Word for word, retype the lines from the one containing "18544 Bryant Street, Northridge, CA" to the one containing "楽天市場】CHROME HEARTS 銀座店 クロムハーツ BSフレア with ベイル" below, keeping both end lines and dropping the pictures.

**Exercise materials:**

# # # # # # #

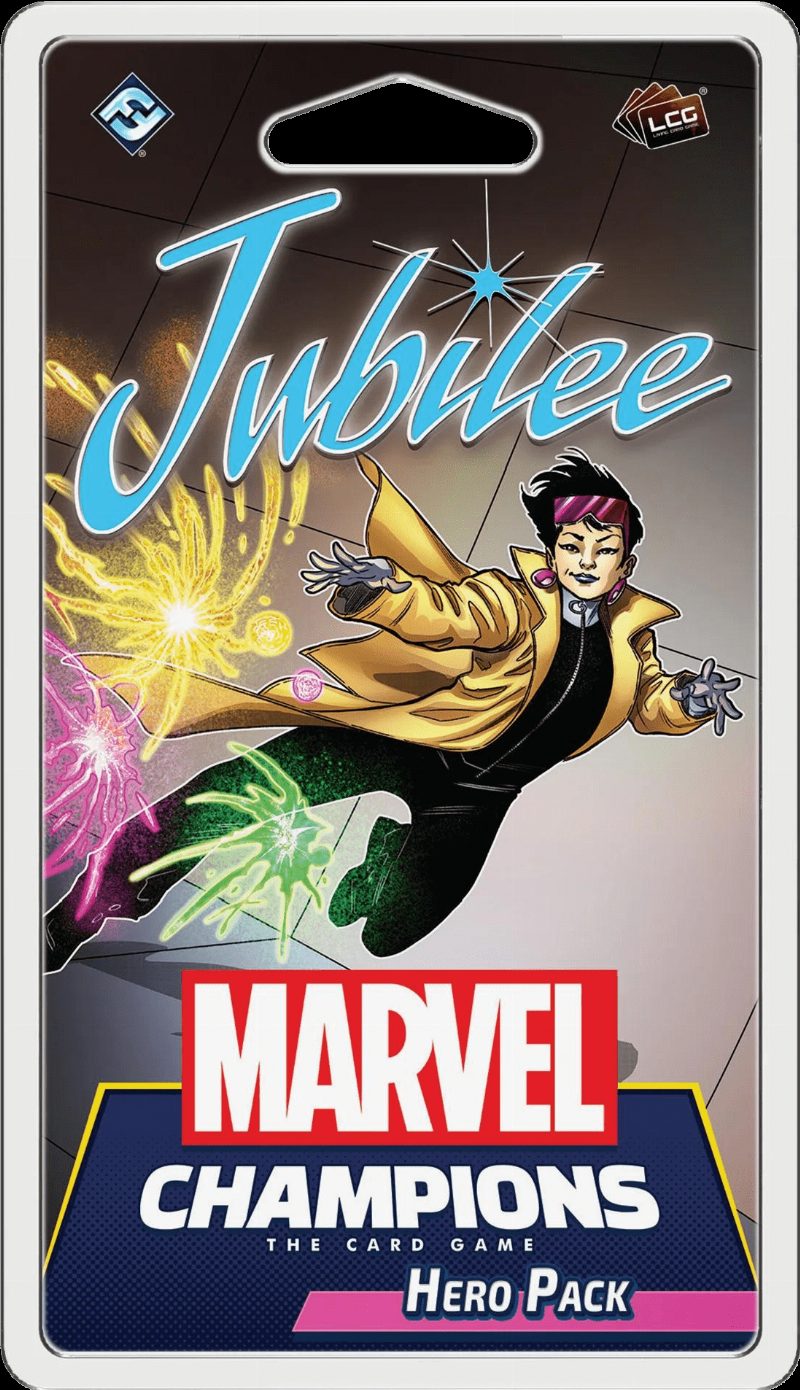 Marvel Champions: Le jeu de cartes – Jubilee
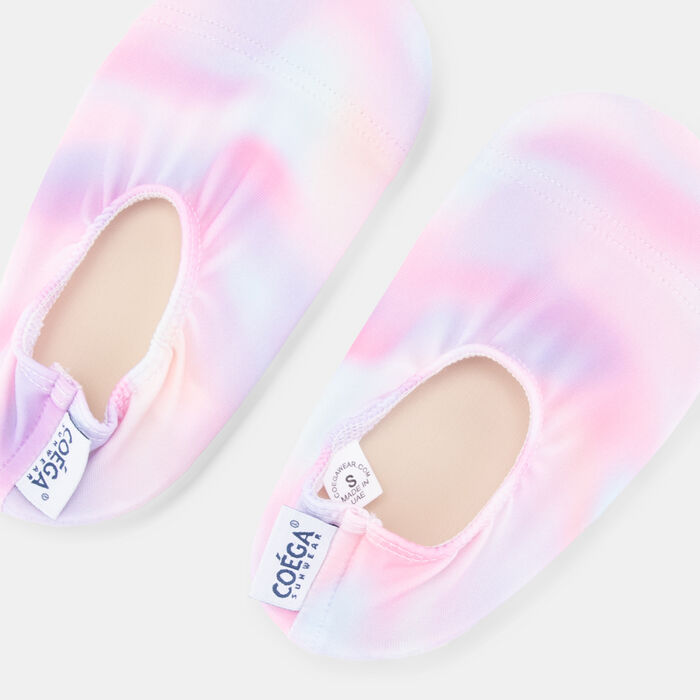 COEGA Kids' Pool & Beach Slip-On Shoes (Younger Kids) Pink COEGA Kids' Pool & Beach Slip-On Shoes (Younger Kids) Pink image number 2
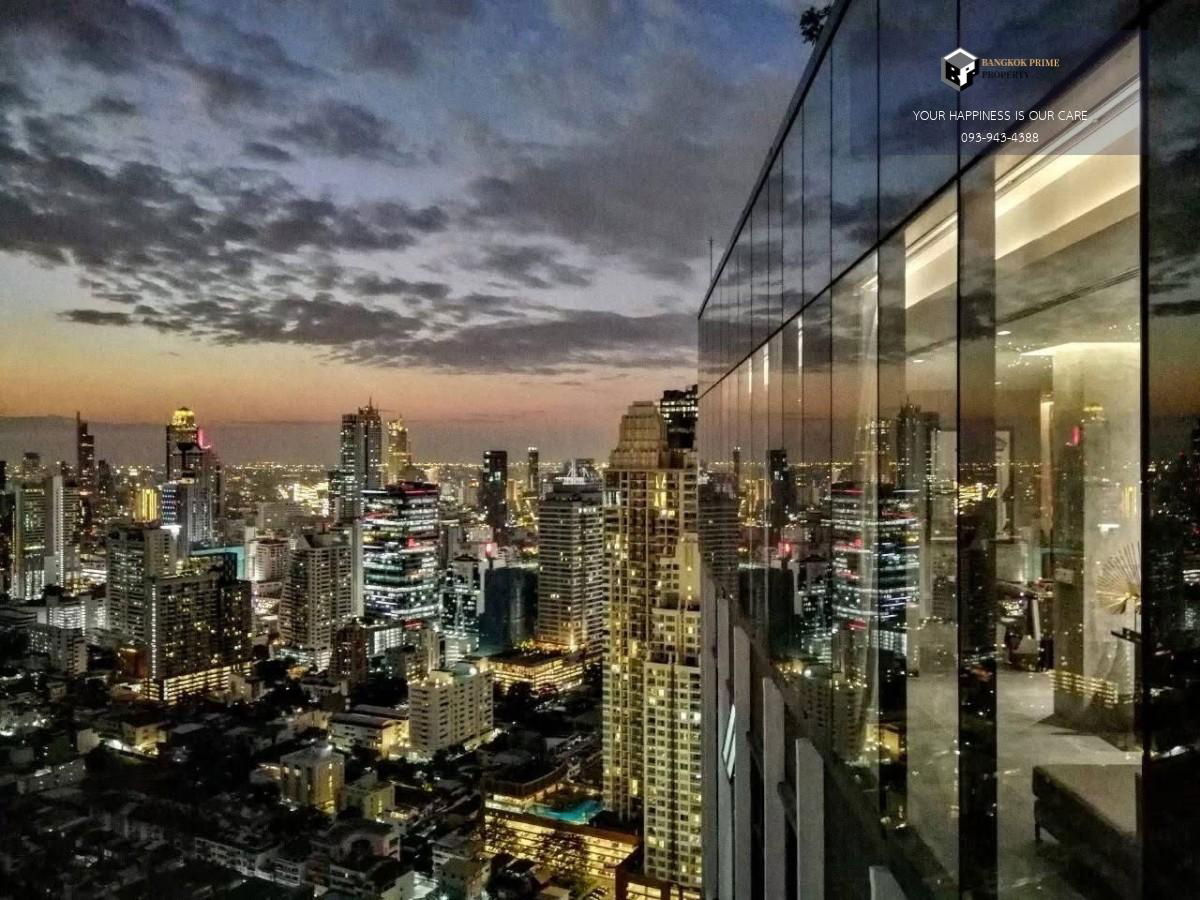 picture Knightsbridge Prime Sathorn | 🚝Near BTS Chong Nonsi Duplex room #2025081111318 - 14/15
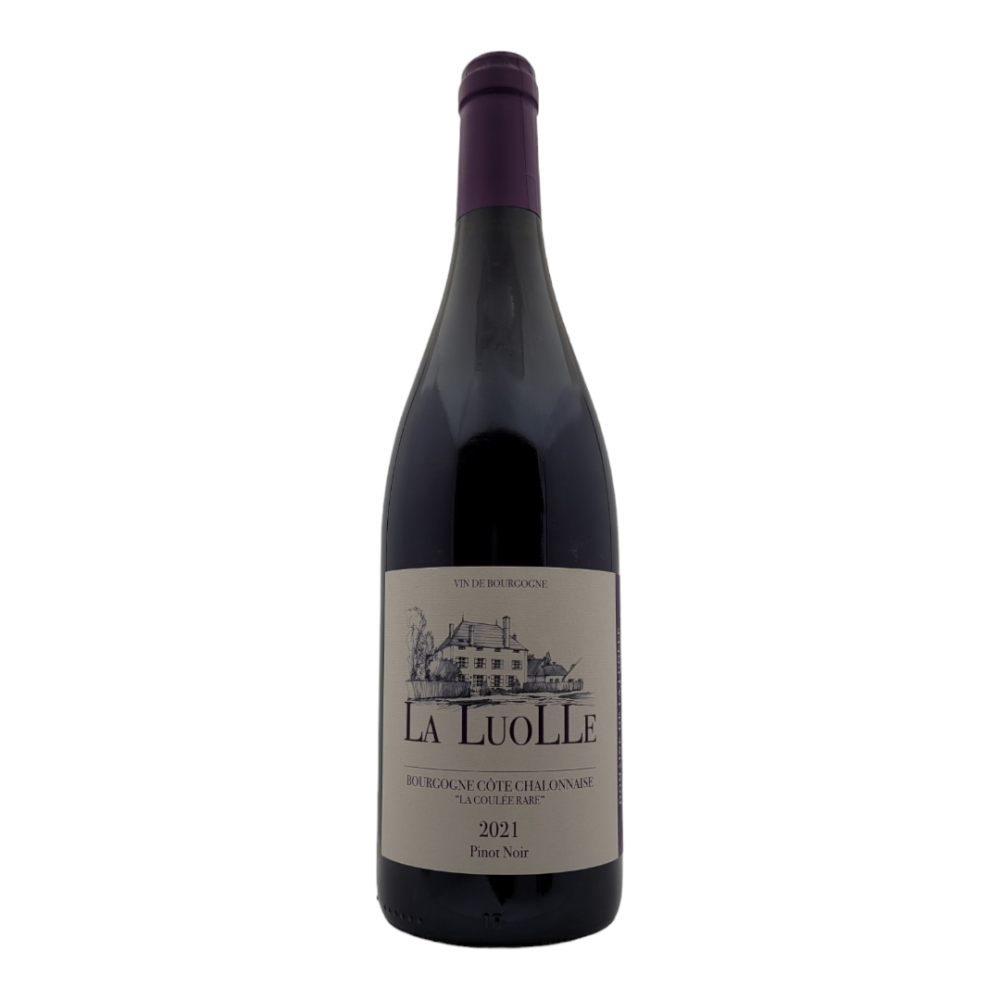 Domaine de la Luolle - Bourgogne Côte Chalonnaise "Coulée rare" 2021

# # # # # # #

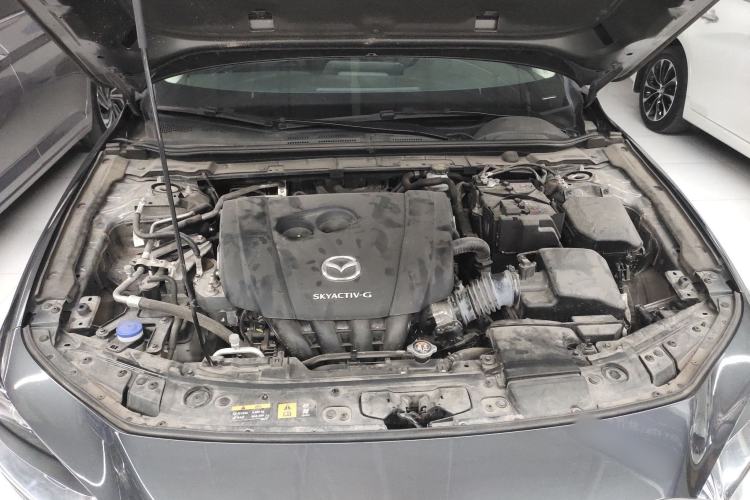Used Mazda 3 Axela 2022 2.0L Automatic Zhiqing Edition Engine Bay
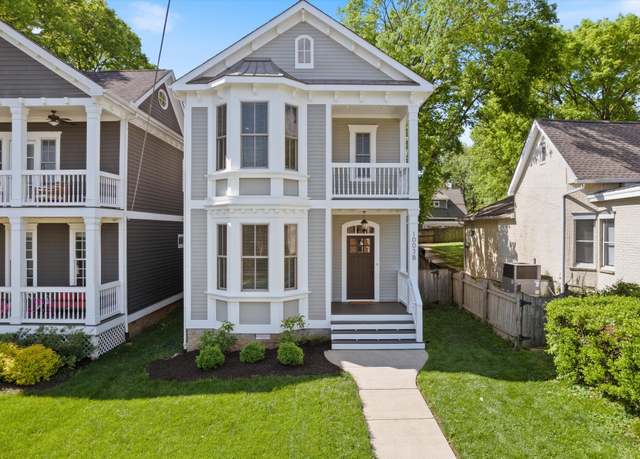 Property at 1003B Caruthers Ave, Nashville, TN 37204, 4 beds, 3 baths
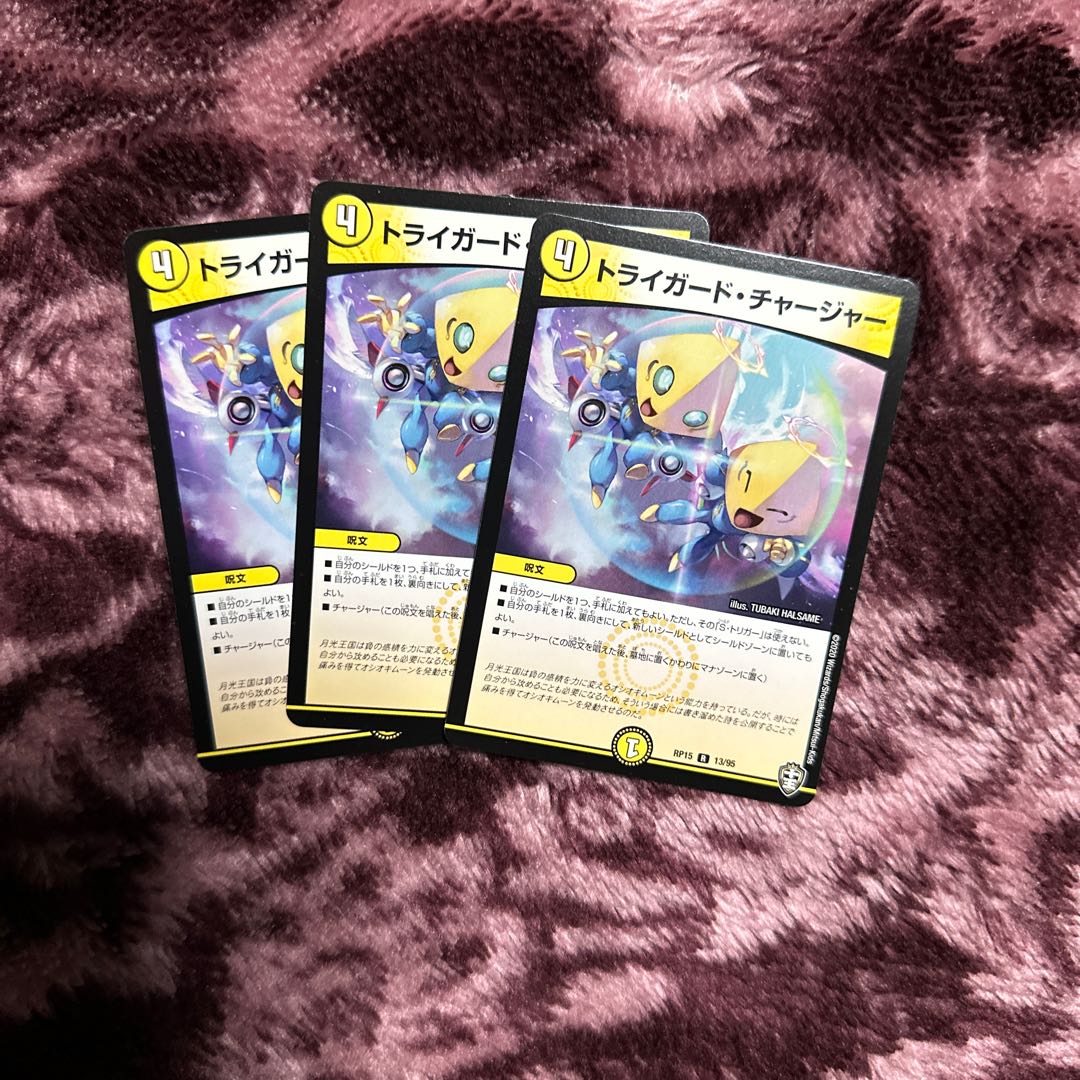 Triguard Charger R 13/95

# # # # # # #

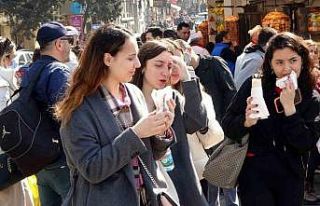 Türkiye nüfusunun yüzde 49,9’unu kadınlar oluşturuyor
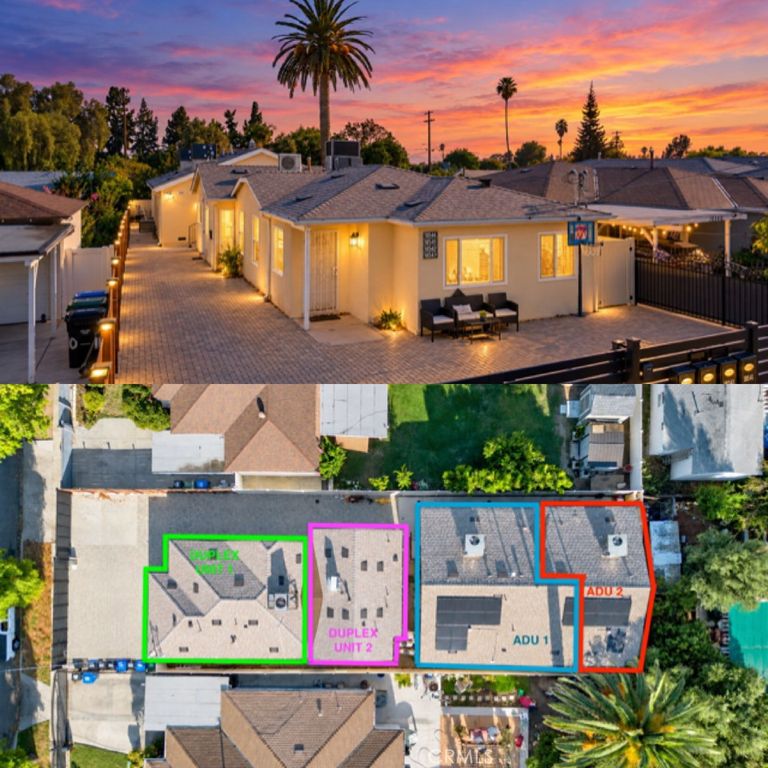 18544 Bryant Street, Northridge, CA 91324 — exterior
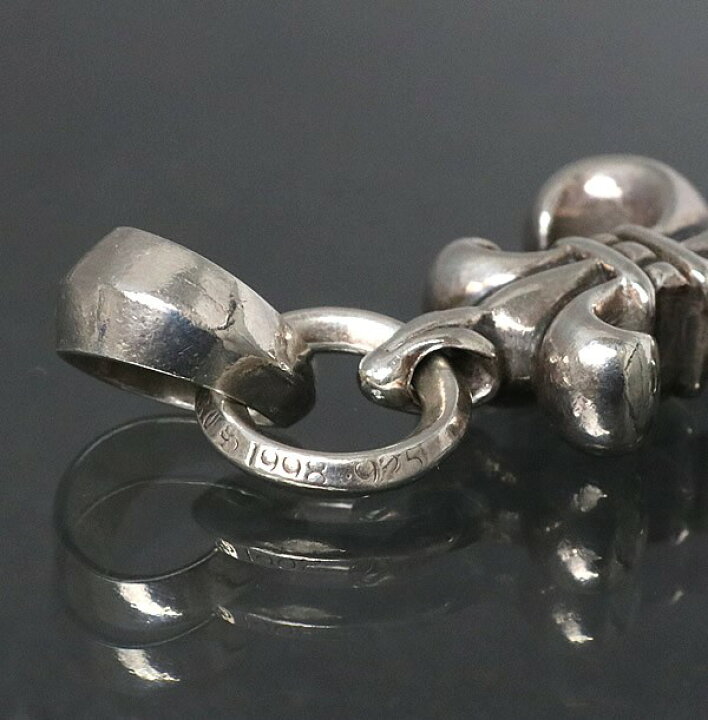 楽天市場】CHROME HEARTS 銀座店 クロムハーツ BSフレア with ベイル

# # # # # # #

**Your solution:**
 18544 Bryant Street, Northridge, CA 91324 — exterior
 楽天市場】CHROME HEARTS 銀座店 クロムハーツ BSフレア with ベイル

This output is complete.